Another advantage of such an approach might be found in the total burden placed on the taxpayers by this pandemic. Right now a huge portion of the population, including a large majority who are younger and healthier, are out of work and getting some form of government financial assistance, either through direct government aid or federally enhanced unemployment benefits. If everyone under 60 is allowed to return to work, those payments and benefits could be targeted to the seniors who would still be locked down, greatly reducing the cost burden on taxpayers and extending the amount of time such aid could be provided before governments start bankrupting themselves.
But there are two issues to raise with this approach, both of which are rather sticky subjects. First of all, we’re talking about literal “segregation” here. The Governor is even using the word himself. And while we usually think about segregation in racial terms, it’s not much different if you’re talking about age groups. Can you simply restrict the freedom of movement of the elderly while allowing younger citizens to go about their business as usual? It would clearly be a well-intentioned form of discrimination, but still discrimination nonetheless.

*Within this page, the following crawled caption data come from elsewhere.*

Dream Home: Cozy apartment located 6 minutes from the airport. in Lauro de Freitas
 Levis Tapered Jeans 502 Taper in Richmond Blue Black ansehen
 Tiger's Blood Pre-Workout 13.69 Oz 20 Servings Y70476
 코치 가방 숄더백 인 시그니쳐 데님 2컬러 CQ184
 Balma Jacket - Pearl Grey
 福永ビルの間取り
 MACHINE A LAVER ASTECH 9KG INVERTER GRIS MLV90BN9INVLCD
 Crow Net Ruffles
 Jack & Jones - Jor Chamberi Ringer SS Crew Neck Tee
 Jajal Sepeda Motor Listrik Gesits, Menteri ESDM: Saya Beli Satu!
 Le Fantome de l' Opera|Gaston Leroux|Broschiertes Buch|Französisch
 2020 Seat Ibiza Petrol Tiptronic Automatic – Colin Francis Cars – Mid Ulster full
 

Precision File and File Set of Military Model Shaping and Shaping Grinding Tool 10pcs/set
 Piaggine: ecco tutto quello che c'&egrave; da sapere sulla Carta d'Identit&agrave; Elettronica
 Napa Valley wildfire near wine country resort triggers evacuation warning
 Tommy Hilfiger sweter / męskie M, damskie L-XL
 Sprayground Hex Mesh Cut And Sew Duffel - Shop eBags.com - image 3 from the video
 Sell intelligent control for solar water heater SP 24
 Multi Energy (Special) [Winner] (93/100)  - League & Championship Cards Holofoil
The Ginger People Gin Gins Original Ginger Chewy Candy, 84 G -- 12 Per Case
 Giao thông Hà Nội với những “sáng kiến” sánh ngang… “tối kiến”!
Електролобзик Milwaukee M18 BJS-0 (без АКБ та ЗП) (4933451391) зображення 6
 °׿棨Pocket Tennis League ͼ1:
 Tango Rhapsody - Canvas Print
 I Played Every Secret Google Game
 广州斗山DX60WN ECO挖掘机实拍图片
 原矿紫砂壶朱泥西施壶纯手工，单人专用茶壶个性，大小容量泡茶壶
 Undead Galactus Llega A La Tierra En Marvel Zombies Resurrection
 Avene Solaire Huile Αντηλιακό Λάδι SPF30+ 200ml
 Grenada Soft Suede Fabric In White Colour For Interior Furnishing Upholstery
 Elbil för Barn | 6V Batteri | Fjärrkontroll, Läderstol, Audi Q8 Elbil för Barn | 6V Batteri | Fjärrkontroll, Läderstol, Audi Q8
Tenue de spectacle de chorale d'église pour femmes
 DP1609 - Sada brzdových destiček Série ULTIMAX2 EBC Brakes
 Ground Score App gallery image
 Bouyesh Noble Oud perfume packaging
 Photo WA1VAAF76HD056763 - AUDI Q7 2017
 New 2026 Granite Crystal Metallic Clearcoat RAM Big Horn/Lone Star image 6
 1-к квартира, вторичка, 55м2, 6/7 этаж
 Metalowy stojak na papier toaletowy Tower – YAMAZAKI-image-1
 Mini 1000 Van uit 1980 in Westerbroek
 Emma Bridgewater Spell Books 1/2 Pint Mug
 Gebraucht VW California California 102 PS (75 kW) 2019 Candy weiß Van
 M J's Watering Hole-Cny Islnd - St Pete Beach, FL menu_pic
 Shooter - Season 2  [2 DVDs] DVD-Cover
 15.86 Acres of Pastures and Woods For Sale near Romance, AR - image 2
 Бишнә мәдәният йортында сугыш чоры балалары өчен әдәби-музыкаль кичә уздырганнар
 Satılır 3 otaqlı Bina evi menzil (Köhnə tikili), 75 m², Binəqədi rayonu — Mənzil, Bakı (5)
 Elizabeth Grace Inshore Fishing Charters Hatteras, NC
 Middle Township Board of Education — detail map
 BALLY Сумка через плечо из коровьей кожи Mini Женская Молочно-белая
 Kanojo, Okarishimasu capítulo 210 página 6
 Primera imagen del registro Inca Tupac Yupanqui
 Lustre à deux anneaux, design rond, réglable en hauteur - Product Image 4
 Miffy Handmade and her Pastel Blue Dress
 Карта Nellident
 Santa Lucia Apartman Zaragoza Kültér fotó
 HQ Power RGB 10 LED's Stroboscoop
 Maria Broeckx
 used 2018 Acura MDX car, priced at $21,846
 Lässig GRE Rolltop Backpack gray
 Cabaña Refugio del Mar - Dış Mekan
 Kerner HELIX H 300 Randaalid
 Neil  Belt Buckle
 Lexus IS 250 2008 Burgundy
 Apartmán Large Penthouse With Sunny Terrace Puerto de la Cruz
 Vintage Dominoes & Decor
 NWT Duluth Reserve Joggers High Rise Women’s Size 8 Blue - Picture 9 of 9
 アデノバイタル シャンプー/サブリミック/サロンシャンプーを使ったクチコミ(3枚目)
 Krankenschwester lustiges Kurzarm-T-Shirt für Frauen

The second argument being raised in Graham’s analysis is the one put forward by the WaPo’s Megan McArdle. She argues that quarantining the elderly wouldn’t work even if you could legally attempt it. The reason is that more than 20 percent of people age 55 and up live in multigenerational households. They would immediately be exposed to the younger people in their homes who were suddenly back out and about in public, very possibly bringing the disease home. Even those who don’t live with younger family members could experience further negative effects from remaining trapped in their homes alone while seeing everyone else getting back to some sort of societal norms.
So nothing is ever as easy as it appears at first glance. But we shouldn’t toss this idea out entirely without careful study and allowing it due consideration. It’s clearly an imperfect solution, but we may not have a lot of other viable options.